Notts TV
- Country: United Kingdom
- Broadcast area: Nottinghamshire
- Headquarters: Confetti Media Group, Antenna building, Beck Street, Nottingham

Programming
- Language(s): English
- Picture format: 576i (16:9, SDTV)

Ownership
- Owner: Notts TV Limited
- Parent: Nottingham Trent University

History
- Founded: 9 April 2014
- Launched: 27 May 2014
- Closed: 29 August 2025

Links
- Website: Notts TV

Availability

Streaming media
- Notts TV On Demand: Watch Notts TV On Demand

= Notts TV =

Local television channel in Nottingham, United Kingdom

Notts TV was a British commercial local television channel broadcasting to the city of Nottingham and the surrounding areas via Freeview on channel 7 from the Nottingham relay TV transmitter which is transmitted via the Waltham transmitter which also broadcast the station.

Notts TV was owned and most of its programming was produced by a consortium of four Nottingham based media-related organisations: Nottingham Trent University (NTU), Nottingham Post, Confetti Media Group and Inclusive Digital. Other local independent producers contributed content.

As of September 2025, its website is dormant with some past-programming available via an on-demand section.

==History==
Ofcom granted the channel a 12-year licence.

Notts TV launched on 27 May 2014 on Freeview channel 7 followed by Virgin channel 159.

From opening in 2014, the BBC contributed to the funding of Notts TV for the first three years.

In July 2015, the channel also became available on Sky channel 117; the carriage ended in September 2017.

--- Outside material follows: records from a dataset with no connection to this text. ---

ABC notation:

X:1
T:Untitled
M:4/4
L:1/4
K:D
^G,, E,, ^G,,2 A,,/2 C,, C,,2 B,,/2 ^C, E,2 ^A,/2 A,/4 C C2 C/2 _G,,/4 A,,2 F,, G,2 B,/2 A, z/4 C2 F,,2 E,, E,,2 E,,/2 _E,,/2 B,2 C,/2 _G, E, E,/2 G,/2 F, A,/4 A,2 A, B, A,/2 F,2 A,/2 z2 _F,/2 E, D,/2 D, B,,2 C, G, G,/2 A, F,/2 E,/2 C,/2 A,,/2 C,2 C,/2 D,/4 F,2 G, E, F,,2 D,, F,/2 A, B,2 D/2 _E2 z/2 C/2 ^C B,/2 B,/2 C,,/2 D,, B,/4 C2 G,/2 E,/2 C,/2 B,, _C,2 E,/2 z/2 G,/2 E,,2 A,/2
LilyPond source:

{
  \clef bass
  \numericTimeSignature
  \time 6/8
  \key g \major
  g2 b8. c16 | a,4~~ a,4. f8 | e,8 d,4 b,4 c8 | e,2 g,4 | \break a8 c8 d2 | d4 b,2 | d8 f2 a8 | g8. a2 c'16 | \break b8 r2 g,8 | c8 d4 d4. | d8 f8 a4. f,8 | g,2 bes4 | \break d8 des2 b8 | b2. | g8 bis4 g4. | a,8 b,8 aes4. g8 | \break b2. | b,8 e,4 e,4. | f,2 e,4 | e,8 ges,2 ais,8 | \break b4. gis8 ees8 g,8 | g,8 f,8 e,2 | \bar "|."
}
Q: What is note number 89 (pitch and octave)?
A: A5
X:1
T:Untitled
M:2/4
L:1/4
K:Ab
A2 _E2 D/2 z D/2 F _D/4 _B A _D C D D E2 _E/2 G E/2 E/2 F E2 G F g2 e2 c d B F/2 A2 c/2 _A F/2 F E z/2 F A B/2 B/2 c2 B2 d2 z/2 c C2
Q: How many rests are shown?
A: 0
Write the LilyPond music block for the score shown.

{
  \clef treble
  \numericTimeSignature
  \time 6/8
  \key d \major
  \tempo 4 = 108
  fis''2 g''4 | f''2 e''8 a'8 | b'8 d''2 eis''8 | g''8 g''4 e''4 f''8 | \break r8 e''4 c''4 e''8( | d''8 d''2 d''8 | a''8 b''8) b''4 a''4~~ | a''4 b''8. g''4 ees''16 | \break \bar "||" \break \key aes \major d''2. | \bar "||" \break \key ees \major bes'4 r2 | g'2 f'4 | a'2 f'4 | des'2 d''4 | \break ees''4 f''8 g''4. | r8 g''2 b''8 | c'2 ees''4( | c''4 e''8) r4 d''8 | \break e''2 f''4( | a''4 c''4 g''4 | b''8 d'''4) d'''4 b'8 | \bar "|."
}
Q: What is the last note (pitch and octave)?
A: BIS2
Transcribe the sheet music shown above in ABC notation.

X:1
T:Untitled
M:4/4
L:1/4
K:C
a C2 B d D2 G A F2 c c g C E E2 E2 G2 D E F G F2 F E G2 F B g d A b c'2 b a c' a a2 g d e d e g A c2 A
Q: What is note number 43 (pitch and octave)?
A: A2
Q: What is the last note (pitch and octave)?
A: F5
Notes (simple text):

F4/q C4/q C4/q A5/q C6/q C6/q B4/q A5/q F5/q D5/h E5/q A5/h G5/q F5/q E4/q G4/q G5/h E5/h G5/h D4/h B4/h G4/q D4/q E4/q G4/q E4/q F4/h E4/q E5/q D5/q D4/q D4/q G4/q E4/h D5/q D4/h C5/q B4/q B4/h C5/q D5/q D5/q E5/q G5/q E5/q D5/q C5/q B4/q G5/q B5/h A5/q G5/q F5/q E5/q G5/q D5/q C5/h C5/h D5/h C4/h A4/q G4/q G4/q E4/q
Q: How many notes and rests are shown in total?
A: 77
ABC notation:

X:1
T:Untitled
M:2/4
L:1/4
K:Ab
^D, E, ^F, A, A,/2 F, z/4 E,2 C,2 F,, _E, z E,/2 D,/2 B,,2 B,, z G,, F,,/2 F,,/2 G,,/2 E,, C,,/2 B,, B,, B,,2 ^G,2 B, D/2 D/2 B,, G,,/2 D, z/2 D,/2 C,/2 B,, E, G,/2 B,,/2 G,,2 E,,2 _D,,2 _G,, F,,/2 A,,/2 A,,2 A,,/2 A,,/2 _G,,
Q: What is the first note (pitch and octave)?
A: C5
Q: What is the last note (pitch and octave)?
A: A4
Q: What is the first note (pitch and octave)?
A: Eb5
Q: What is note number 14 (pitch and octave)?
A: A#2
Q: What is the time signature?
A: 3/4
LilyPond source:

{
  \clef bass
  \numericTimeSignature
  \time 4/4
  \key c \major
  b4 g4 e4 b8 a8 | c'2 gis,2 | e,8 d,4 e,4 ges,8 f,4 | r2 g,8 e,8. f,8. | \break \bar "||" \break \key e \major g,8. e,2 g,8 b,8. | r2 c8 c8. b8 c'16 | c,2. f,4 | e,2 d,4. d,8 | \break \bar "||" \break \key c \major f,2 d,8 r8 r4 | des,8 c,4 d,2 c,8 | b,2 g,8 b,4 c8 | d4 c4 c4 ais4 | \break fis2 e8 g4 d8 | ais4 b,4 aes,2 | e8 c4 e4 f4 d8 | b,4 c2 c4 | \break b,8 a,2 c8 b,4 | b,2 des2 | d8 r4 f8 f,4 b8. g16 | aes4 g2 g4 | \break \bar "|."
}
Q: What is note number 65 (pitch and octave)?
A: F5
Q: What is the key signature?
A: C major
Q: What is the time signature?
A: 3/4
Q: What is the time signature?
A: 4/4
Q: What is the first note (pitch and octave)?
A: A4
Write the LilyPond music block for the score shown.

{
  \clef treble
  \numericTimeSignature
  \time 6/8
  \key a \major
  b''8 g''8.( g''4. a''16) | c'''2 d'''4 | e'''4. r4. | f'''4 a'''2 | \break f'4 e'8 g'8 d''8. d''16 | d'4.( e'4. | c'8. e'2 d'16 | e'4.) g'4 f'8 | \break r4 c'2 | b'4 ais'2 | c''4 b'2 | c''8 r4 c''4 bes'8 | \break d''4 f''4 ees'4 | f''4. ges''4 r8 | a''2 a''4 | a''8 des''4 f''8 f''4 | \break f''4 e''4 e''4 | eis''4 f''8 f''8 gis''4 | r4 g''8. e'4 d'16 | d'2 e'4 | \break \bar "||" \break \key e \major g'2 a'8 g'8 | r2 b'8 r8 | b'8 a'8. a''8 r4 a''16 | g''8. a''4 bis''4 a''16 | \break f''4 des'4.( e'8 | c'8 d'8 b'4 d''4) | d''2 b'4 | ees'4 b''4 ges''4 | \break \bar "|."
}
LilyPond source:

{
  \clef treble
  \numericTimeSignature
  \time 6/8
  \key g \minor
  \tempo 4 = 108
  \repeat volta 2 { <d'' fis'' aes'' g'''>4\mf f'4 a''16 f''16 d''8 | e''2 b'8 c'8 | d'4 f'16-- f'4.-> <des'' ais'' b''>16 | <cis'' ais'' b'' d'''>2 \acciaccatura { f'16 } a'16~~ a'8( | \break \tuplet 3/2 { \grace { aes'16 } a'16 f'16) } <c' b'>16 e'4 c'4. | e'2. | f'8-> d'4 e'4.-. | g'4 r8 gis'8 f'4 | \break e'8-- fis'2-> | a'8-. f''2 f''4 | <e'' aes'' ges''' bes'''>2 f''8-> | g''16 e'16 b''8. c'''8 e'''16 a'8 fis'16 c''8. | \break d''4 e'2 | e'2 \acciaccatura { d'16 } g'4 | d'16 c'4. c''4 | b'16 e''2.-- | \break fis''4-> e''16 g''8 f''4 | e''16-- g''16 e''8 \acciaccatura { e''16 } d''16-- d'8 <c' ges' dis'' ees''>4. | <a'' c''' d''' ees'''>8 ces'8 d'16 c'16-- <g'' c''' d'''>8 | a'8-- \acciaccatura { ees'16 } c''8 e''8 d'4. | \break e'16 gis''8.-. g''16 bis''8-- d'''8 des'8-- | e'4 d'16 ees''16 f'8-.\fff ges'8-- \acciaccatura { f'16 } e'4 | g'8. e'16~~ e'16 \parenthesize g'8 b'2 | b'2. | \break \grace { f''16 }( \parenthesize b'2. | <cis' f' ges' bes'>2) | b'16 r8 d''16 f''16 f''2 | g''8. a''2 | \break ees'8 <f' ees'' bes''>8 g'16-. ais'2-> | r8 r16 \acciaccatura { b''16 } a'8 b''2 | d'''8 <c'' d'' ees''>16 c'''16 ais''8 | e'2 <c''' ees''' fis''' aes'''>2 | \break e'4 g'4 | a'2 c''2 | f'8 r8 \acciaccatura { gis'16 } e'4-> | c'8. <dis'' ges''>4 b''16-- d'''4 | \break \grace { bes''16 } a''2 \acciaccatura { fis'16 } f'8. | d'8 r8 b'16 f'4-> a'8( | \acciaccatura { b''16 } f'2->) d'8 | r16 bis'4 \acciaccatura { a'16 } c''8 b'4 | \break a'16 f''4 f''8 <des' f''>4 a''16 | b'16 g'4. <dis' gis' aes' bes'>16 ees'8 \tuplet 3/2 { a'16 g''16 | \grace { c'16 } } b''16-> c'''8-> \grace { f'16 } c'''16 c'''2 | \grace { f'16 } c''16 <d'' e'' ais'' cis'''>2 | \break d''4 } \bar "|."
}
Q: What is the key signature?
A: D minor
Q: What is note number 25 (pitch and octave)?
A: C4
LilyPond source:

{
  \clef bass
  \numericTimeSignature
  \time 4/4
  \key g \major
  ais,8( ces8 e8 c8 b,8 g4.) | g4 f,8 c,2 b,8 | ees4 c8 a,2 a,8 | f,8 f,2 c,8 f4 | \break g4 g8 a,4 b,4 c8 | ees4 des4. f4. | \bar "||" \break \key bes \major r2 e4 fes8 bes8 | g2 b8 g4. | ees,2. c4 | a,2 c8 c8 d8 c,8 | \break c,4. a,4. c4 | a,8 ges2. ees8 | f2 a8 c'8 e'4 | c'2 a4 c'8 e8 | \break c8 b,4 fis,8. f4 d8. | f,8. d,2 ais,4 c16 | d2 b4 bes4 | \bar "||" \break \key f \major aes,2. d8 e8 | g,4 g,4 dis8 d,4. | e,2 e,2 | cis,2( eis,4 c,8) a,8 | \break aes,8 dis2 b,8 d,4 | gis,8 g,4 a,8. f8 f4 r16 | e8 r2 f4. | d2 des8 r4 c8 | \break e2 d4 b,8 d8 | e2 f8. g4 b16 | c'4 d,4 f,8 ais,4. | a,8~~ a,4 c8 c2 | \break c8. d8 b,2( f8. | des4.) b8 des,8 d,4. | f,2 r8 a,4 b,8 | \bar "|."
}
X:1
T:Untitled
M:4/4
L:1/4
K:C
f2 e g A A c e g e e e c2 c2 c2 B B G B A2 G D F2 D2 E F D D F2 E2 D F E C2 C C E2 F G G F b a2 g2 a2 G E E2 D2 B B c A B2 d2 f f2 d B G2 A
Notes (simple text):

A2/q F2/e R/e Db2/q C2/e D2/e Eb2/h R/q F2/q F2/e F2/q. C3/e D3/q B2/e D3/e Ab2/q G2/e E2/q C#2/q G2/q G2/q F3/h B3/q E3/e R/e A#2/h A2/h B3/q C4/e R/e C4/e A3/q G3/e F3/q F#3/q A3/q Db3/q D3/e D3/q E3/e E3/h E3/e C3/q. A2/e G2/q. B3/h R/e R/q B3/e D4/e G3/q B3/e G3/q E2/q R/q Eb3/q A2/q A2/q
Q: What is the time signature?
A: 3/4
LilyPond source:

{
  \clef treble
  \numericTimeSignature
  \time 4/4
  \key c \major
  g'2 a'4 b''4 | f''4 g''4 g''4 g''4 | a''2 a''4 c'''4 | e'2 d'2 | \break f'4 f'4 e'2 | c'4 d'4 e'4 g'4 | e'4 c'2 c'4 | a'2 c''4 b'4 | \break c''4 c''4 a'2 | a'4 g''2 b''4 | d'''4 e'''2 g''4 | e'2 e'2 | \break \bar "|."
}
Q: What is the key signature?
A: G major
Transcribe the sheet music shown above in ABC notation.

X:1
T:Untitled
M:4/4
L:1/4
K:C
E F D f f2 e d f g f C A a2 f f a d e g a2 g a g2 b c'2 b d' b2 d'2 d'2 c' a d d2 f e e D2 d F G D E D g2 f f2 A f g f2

In April 2016, Notts TV moved to channel 7 on Freeview (the number previously occupied by BBC Three which closed as a linear channel the month before).

On 17 February 2025, the station's parent organisation, NTU, announced it would not renew its licence, valid until 25 November 2025, due to insufficient students undertaking training, and would shut down. At the time of the decision, the channel had an average staff of nine. OFCOM confirmed the window for continuation licence applications would close on 31 March 2025. On 21 August 2025, the channel announced that it would shut down earlier than anticipated on 29 August due to loss of key personnel.

The channel closed at 12:00AM on 30 August 2025 during its commercial break. A repeat of the final edition of Notts Today aired on the channel as its actual final programme but only its first part aired prior to the closedown as the commercial break suddenly cut to a closedown slide at 12:00AM stating that it had stopped broadcasting after 11 years on air. The channel’s final programme aired in full beforehand was an edition of Splendour 2025. Archived content from the channel's 11 years on air will continue on its website and on its YouTube channel.